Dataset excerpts
::::

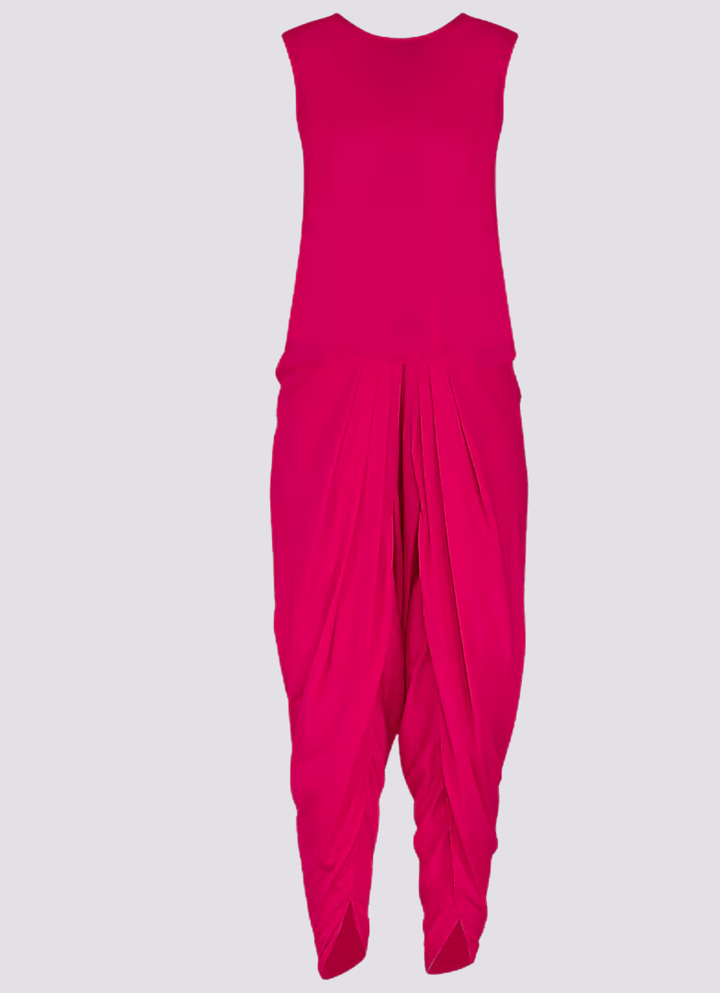 Peacock Pink High Low Kurta Set Vvani by Vani Vats - Fabilicious Fashion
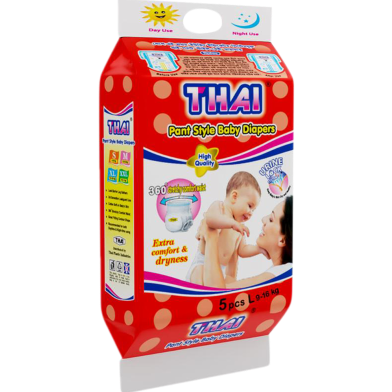 Thai Pant System Baby Diapers (L Size) (9-16kg) (5pcs) image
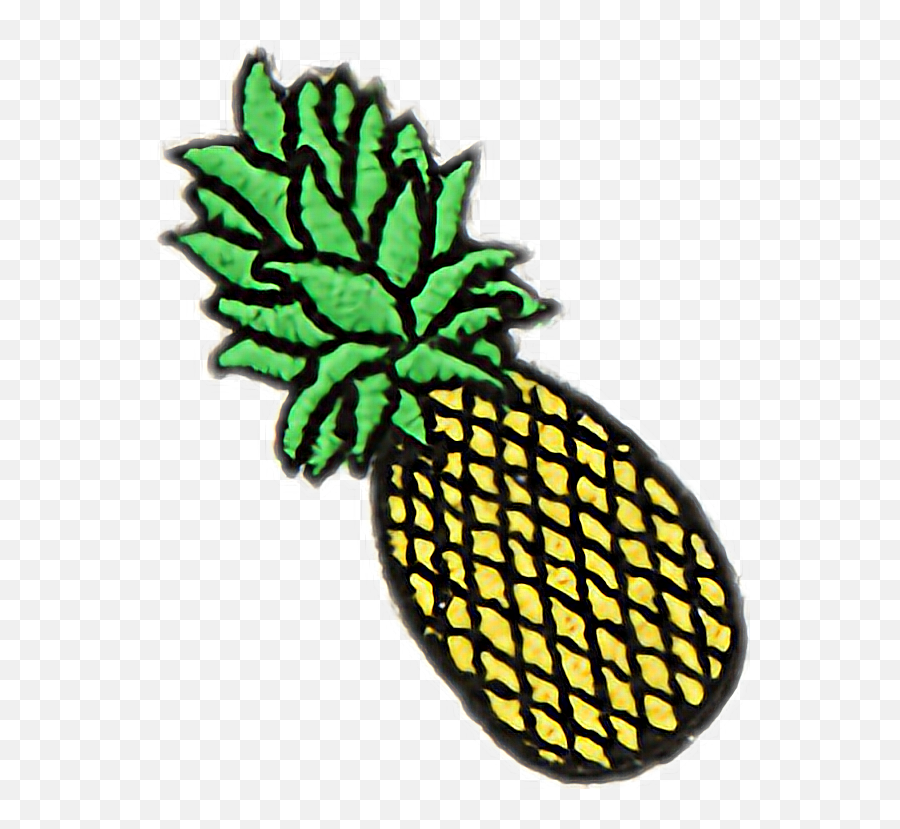 Summer Pineapple Patch Tumblr Sticker By Iamspeed Emoji,Pineapple Png Tumblr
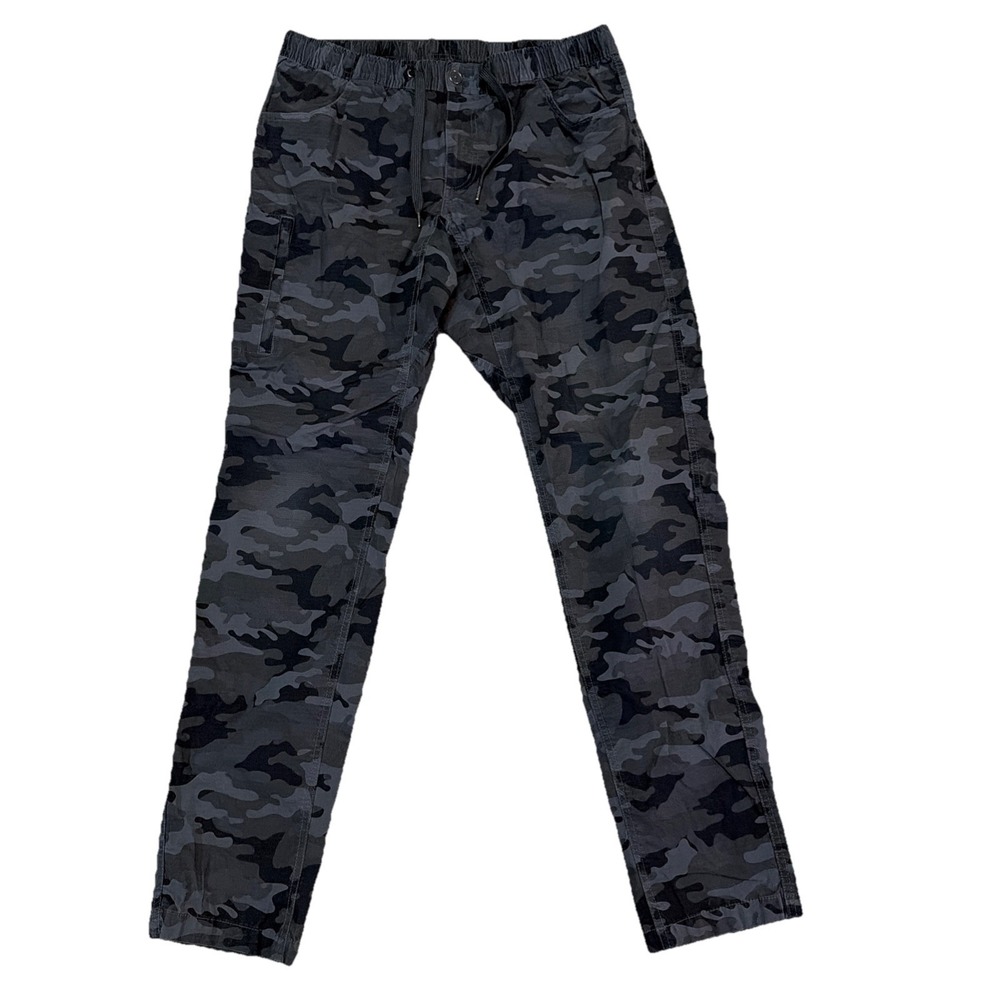BYLT Weekender Pants Mens XL (32-38x33) Camo Drawstring Stretch Casual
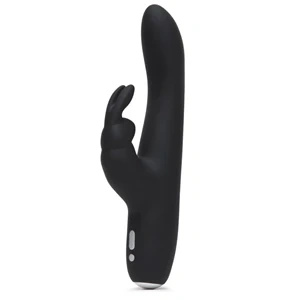 Fifty Shades of Grey Greedy Girl Slimline Rabbit wibrator króliczek ładowany USB, czarny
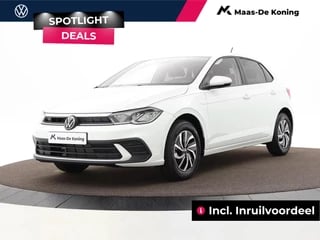 Volkswagen Polo Life Edition 1.0 TSI 95 pk 5 versn. Hand · Airconditioning automatisch, 2-zone (climatronic) · Velgen 'essex', 15 inch lichtmetaal · incl. Inruilvoordeel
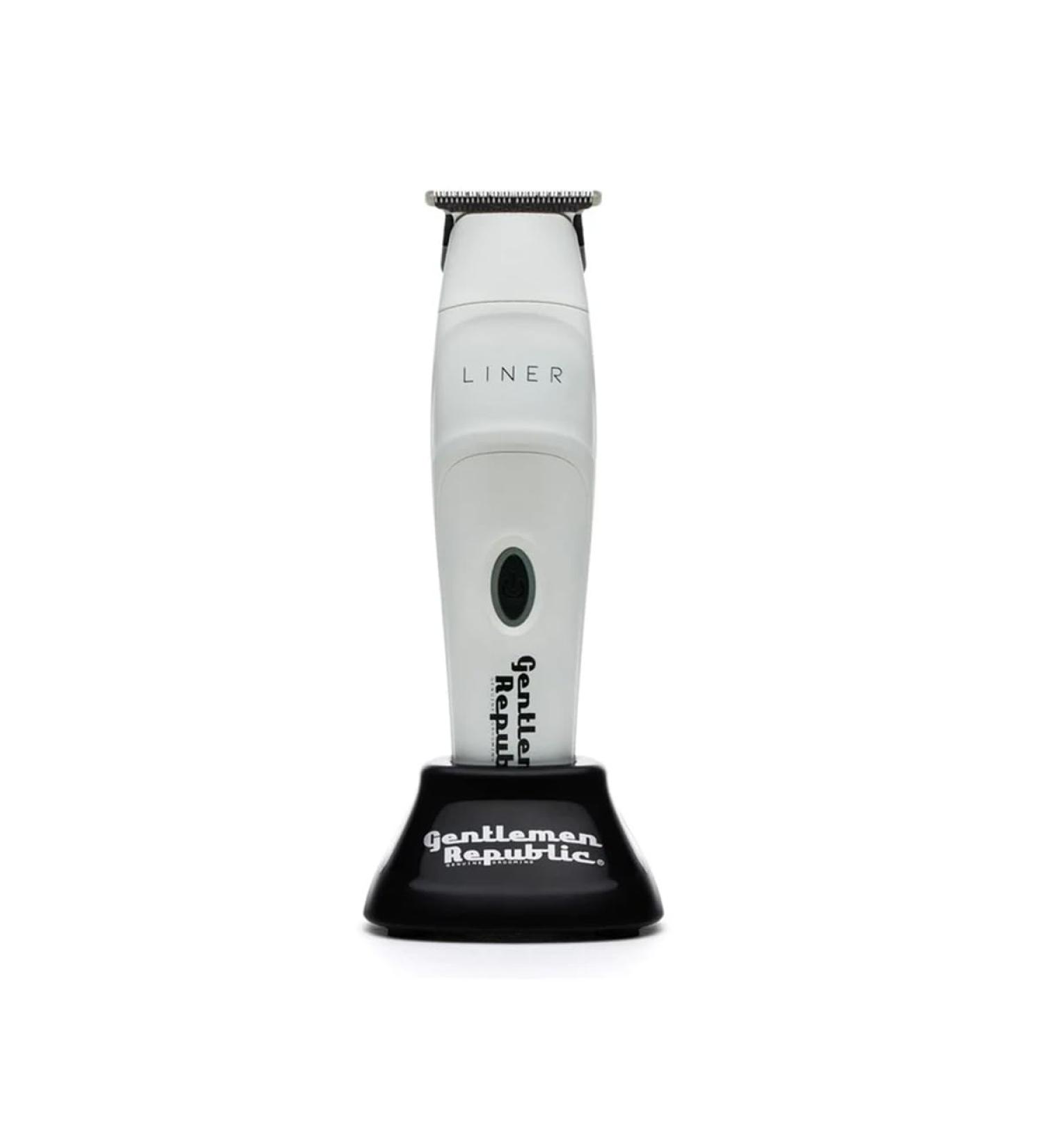 Gentlemen Republic Liner Professional Trimmer - Cordless 120 Min Runtime Magnetic Motor Quiet Barbers & Stylists - Black Diamond Carbon DLC Blade White - Buy Online on GoSupps.com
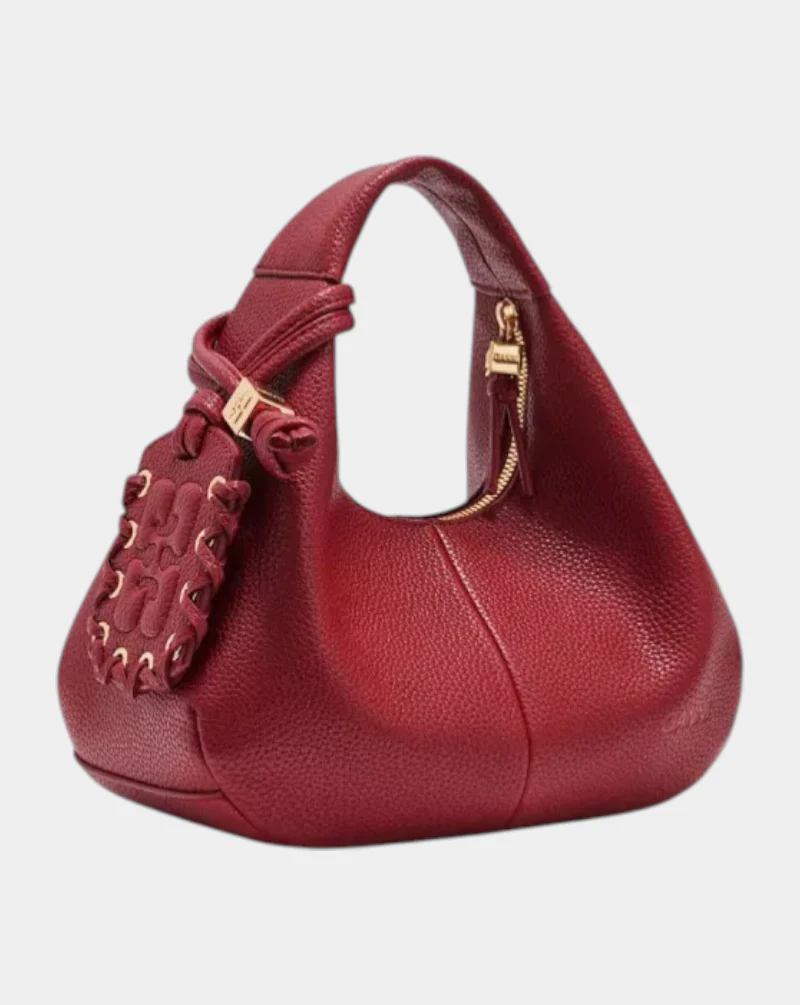 Bolso Ganni Hobo Mini Grained - Image 2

::::

What is being asked -> The lines from the one containing "Fifty Shades of" through the final line of the data are to be repeated exactly, with both ends included and all pictures left out.

Solution to this exercise ->
 Fifty Shades of Grey Greedy Girl Slimline Rabbit wibrator króliczek ładowany USB, czarny
 Volkswagen Polo Life Edition 1.0 TSI 95 pk 5 versn. Hand · Airconditioning automatisch, 2-zone (climatronic) · Velgen 'essex', 15 inch lichtmetaal · incl. Inruilvoordeel
 Gentlemen Republic Liner Professional Trimmer - Cordless 120 Min Runtime Magnetic Motor Quiet Barbers & Stylists - Black Diamond Carbon DLC Blade White - Buy Online on GoSupps.com
 Bolso Ganni Hobo Mini Grained - Image 2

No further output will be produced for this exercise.